Starting from the first line, set down the entire listing exactly.
START MATERIAL PROVIDED
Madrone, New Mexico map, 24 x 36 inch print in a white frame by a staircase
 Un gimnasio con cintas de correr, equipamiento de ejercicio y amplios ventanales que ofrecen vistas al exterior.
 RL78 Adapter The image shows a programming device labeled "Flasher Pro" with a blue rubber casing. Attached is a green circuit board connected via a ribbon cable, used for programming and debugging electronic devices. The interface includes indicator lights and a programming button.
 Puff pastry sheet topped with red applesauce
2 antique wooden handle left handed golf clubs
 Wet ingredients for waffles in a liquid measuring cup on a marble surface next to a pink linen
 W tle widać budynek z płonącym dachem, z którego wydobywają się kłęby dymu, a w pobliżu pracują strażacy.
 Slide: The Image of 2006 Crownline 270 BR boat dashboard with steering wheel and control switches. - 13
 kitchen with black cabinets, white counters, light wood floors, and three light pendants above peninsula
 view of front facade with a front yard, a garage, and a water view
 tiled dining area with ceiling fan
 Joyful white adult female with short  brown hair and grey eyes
END MATERIAL PROVIDED
* FINAL ANSWER:
Madrone, New Mexico map, 24 x 36 inch print in a white frame by a staircase
 Un gimnasio con cintas de correr, equipamiento de ejercicio y amplios ventanales que ofrecen vistas al exterior.
 RL78 Adapter The image shows a programming device labeled "Flasher Pro" with a blue rubber casing. Attached is a green circuit board connected via a ribbon cable, used for programming and debugging electronic devices. The interface includes indicator lights and a programming button.
 Puff pastry sheet topped with red applesauce
2 antique wooden handle left handed golf clubs
 Wet ingredients for waffles in a liquid measuring cup on a marble surface next to a pink linen
 W tle widać budynek z płonącym dachem, z którego wydobywają się kłęby dymu, a w pobliżu pracują strażacy.
 Slide: The Image of 2006 Crownline 270 BR boat dashboard with steering wheel and control switches. - 13
 kitchen with black cabinets, white counters, light wood floors, and three light pendants above peninsula
 view of front facade with a front yard, a garage, and a water view
 tiled dining area with ceiling fan
 Joyful white adult female with short  brown hair and grey eyes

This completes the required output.